[Extracted data Boundary: Start]
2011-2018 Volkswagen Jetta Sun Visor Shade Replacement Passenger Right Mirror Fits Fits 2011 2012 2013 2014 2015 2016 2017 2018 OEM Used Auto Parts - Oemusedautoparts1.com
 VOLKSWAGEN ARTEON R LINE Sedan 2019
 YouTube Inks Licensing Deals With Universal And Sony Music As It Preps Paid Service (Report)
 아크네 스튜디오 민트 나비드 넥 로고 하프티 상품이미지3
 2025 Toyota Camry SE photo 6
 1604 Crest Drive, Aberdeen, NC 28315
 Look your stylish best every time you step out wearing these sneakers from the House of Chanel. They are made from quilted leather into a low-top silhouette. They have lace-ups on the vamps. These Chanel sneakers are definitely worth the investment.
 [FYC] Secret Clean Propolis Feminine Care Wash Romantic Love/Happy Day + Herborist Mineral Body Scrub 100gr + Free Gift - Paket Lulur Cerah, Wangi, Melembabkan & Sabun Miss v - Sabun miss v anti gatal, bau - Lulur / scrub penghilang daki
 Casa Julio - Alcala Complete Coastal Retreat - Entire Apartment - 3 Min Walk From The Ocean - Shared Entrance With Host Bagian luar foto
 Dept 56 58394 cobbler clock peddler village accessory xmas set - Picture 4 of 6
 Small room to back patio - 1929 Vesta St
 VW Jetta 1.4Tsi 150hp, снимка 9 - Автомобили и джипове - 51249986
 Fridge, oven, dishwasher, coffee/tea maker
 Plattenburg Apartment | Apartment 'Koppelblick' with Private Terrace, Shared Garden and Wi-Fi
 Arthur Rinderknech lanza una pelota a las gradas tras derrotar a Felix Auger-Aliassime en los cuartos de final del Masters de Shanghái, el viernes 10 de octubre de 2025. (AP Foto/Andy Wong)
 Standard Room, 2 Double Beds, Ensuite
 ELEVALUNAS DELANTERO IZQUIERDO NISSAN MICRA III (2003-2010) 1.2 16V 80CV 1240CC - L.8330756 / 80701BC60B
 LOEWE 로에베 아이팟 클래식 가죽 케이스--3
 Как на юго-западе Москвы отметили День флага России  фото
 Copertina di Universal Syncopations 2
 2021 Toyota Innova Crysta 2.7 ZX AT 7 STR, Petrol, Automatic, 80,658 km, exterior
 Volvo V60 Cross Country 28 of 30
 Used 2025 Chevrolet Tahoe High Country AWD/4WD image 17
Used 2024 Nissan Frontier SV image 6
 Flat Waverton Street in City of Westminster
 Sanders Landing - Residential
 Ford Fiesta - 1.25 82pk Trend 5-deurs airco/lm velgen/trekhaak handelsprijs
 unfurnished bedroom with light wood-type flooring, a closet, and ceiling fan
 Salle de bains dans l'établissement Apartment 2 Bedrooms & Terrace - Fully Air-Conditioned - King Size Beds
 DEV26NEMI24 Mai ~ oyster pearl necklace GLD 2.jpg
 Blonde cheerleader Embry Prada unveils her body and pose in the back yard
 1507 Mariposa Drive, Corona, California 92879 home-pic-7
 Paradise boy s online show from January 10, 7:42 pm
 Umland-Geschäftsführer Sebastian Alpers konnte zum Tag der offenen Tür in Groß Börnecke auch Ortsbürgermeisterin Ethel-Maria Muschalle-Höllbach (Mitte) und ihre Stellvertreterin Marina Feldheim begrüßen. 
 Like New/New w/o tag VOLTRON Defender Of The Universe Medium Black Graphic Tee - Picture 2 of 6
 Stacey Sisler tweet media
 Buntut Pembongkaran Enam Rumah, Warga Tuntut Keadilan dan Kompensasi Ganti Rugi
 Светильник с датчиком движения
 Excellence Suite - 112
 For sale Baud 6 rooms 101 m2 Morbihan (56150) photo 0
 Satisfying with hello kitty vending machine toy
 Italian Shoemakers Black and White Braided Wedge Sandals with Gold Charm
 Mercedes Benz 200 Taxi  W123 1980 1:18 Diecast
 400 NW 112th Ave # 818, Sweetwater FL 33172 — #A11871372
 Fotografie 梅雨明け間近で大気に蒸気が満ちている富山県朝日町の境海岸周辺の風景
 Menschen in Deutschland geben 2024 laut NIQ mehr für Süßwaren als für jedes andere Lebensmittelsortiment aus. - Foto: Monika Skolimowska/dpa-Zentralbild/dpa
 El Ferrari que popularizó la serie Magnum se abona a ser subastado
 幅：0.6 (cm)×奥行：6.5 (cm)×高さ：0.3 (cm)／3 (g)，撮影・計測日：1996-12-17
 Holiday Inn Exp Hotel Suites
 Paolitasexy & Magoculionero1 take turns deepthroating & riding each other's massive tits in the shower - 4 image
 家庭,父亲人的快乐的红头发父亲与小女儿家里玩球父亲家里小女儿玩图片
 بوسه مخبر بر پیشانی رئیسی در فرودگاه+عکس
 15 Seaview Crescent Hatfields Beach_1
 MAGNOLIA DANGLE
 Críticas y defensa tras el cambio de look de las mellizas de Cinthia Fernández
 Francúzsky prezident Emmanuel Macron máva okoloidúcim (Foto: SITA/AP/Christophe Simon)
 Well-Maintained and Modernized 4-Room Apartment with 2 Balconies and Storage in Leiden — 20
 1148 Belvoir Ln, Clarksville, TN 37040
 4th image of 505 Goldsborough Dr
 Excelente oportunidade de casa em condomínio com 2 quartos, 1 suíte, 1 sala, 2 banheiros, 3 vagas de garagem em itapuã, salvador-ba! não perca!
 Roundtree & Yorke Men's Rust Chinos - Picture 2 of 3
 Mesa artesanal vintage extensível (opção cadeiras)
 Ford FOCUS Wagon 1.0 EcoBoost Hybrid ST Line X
[Extracted data Boundary: End]
Your goal
Each entry above should be written again exactly.

Answer for the task
2011-2018 Volkswagen Jetta Sun Visor Shade Replacement Passenger Right Mirror Fits Fits 2011 2012 2013 2014 2015 2016 2017 2018 OEM Used Auto Parts - Oemusedautoparts1.com
 VOLKSWAGEN ARTEON R LINE Sedan 2019
 YouTube Inks Licensing Deals With Universal And Sony Music As It Preps Paid Service (Report)
 아크네 스튜디오 민트 나비드 넥 로고 하프티 상품이미지3
 2025 Toyota Camry SE photo 6
 1604 Crest Drive, Aberdeen, NC 28315
 Look your stylish best every time you step out wearing these sneakers from the House of Chanel. They are made from quilted leather into a low-top silhouette. They have lace-ups on the vamps. These Chanel sneakers are definitely worth the investment.
 [FYC] Secret Clean Propolis Feminine Care Wash Romantic Love/Happy Day + Herborist Mineral Body Scrub 100gr + Free Gift - Paket Lulur Cerah, Wangi, Melembabkan & Sabun Miss v - Sabun miss v anti gatal, bau - Lulur / scrub penghilang daki
 Casa Julio - Alcala Complete Coastal Retreat - Entire Apartment - 3 Min Walk From The Ocean - Shared Entrance With Host Bagian luar foto
 Dept 56 58394 cobbler clock peddler village accessory xmas set - Picture 4 of 6
 Small room to back patio - 1929 Vesta St
 VW Jetta 1.4Tsi 150hp, снимка 9 - Автомобили и джипове - 51249986
 Fridge, oven, dishwasher, coffee/tea maker
 Plattenburg Apartment | Apartment 'Koppelblick' with Private Terrace, Shared Garden and Wi-Fi
 Arthur Rinderknech lanza una pelota a las gradas tras derrotar a Felix Auger-Aliassime en los cuartos de final del Masters de Shanghái, el viernes 10 de octubre de 2025. (AP Foto/Andy Wong)
 Standard Room, 2 Double Beds, Ensuite
 ELEVALUNAS DELANTERO IZQUIERDO NISSAN MICRA III (2003-2010) 1.2 16V 80CV 1240CC - L.8330756 / 80701BC60B
 LOEWE 로에베 아이팟 클래식 가죽 케이스--3
 Как на юго-западе Москвы отметили День флага России  фото
 Copertina di Universal Syncopations 2
 2021 Toyota Innova Crysta 2.7 ZX AT 7 STR, Petrol, Automatic, 80,658 km, exterior
 Volvo V60 Cross Country 28 of 30
 Used 2025 Chevrolet Tahoe High Country AWD/4WD image 17
Used 2024 Nissan Frontier SV image 6
 Flat Waverton Street in City of Westminster
 Sanders Landing - Residential
 Ford Fiesta - 1.25 82pk Trend 5-deurs airco/lm velgen/trekhaak handelsprijs
 unfurnished bedroom with light wood-type flooring, a closet, and ceiling fan
 Salle de bains dans l'établissement Apartment 2 Bedrooms & Terrace - Fully Air-Conditioned - King Size Beds
 DEV26NEMI24 Mai ~ oyster pearl necklace GLD 2.jpg
 Blonde cheerleader Embry Prada unveils her body and pose in the back yard
 1507 Mariposa Drive, Corona, California 92879 home-pic-7
 Paradise boy s online show from January 10, 7:42 pm
 Umland-Geschäftsführer Sebastian Alpers konnte zum Tag der offenen Tür in Groß Börnecke auch Ortsbürgermeisterin Ethel-Maria Muschalle-Höllbach (Mitte) und ihre Stellvertreterin Marina Feldheim begrüßen. 
 Like New/New w/o tag VOLTRON Defender Of The Universe Medium Black Graphic Tee - Picture 2 of 6
 Stacey Sisler tweet media
 Buntut Pembongkaran Enam Rumah, Warga Tuntut Keadilan dan Kompensasi Ganti Rugi
 Светильник с датчиком движения
 Excellence Suite - 112
 For sale Baud 6 rooms 101 m2 Morbihan (56150) photo 0
 Satisfying with hello kitty vending machine toy
 Italian Shoemakers Black and White Braided Wedge Sandals with Gold Charm
 Mercedes Benz 200 Taxi  W123 1980 1:18 Diecast
 400 NW 112th Ave # 818, Sweetwater FL 33172 — #A11871372
 Fotografie 梅雨明け間近で大気に蒸気が満ちている富山県朝日町の境海岸周辺の風景
 Menschen in Deutschland geben 2024 laut NIQ mehr für Süßwaren als für jedes andere Lebensmittelsortiment aus. - Foto: Monika Skolimowska/dpa-Zentralbild/dpa
 El Ferrari que popularizó la serie Magnum se abona a ser subastado
 幅：0.6 (cm)×奥行：6.5 (cm)×高さ：0.3 (cm)／3 (g)，撮影・計測日：1996-12-17
 Holiday Inn Exp Hotel Suites
 Paolitasexy & Magoculionero1 take turns deepthroating & riding each other's massive tits in the shower - 4 image
 家庭,父亲人的快乐的红头发父亲与小女儿家里玩球父亲家里小女儿玩图片
 بوسه مخبر بر پیشانی رئیسی در فرودگاه+عکس
 15 Seaview Crescent Hatfields Beach_1
 MAGNOLIA DANGLE
 Críticas y defensa tras el cambio de look de las mellizas de Cinthia Fernández
 Francúzsky prezident Emmanuel Macron máva okoloidúcim (Foto: SITA/AP/Christophe Simon)
 Well-Maintained and Modernized 4-Room Apartment with 2 Balconies and Storage in Leiden — 20
 1148 Belvoir Ln, Clarksville, TN 37040
 4th image of 505 Goldsborough Dr
 Excelente oportunidade de casa em condomínio com 2 quartos, 1 suíte, 1 sala, 2 banheiros, 3 vagas de garagem em itapuã, salvador-ba! não perca!
 Roundtree & Yorke Men's Rust Chinos - Picture 2 of 3
 Mesa artesanal vintage extensível (opção cadeiras)
 Ford FOCUS Wagon 1.0 EcoBoost Hybrid ST Line X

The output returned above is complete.